The goal is to find the minimum number of changes needed so that nums becomes either non-decreasing or non-increasing.

Constraints:

There is always at least one valid solution.
You may change the same element multiple times, but each change counts as an operation.
Do not reuse elements in a way that violates the array order.

Thought Process

To solve this problem, let's first think about what it means to convert the array into a non-decreasing or non-increasing sequence. For each option, we want to minimize the number of changes. A brute-force approach would be to try all possible sequences, but this is not efficient.

Instead, we realize that for each position, we can compare the original array to the closest possible non-decreasing and non-increasing sequences, and count the mismatches (places where nums[i] does not match the target sequence). The minimum of these two counts is our answer.

This leads us to consider dynamic programming or using Longest Non-Decreasing/Non-Increasing Subsequence (LNDS/LNIS) concepts. The key insight is that the minimum number of changes equals the array length minus the length of the longest non-decreasing (or non-increasing) subsequence.

Why? Because if we keep the elements that form this subsequence and only change the rest, we minimize operations.

Solution Approach

Let's break down the steps to solve the problem efficiently:

Find the length of the Longest Non-Decreasing Subsequence (LNDS):
- This tells us the maximum number of elements we can keep unchanged if we want a non-decreasing array.
Find the length of the Longest Non-Increasing Subsequence (LNIS):
- This tells us the maximum number of elements we can keep unchanged if we want a non-increasing array.
Compute the minimum number of changes:
- For each case, the number of changes required is len(nums) - length of subsequence.
- Return the minimum of these two values.

Why use subsequences? Because a subsequence preserves order, and the longest such subsequence represents the largest part of the array that already satisfies the desired monotonic property.

How to find LNDS/LNIS efficiently?

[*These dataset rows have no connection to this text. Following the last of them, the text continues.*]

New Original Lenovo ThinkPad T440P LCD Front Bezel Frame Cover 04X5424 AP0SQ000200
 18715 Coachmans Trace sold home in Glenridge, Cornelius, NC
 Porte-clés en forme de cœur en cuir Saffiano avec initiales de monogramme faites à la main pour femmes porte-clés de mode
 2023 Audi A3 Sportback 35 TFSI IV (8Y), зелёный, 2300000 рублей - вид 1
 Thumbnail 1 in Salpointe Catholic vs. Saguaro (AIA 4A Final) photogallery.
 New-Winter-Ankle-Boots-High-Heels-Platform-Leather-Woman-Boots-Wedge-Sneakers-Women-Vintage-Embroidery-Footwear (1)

We use a dynamic programming approach with binary search (patience sorting), which gives us O(N log N) time complexity.

For LNDS: For each element, use binary search to find where it fits in a current sequence.
For LNIS: Reverse the array and apply the same algorithm, or adjust the comparison direction.

Example Walkthrough

Let's use the input nums = [3, 2, 5, 1, 7].

Step 1: Find LNDS.

Start with an empty sequence.
3: Add to sequence [3]
2: Replace 3 with 2 (since 2 < 3), sequence [2]
5: 5 > 2, append: [2,5]
1: Replace 2 with 1: [1,5]
7: 7 > 5, append: [1,5,7]
LNDS length = 3 ([2,5,7] or [1,5,7])

Step 2: Find LNIS.

Apply the same process but for non-increasing:
3: [3]
2: 2 < 3, append: [3,2]
5: 5 > 3, replace 3 with 5: [5,2]
1: 1 < 2, append: [5,2,1]
7: 7 > 5, replace 5 with 7: [7,2,1]
LNIS length = 3 ([5,2,1] or [7,2,1])

Step 3: Calculate minimum changes.

Array length = 5
Minimum changes = 5 - max(3,3) = 2

Result: Change any 2 elements to make the array monotonic.

Time and Space Complexity

Brute-force approach:

Try all possible sequences: O(2^N) time, which is impractical for large N.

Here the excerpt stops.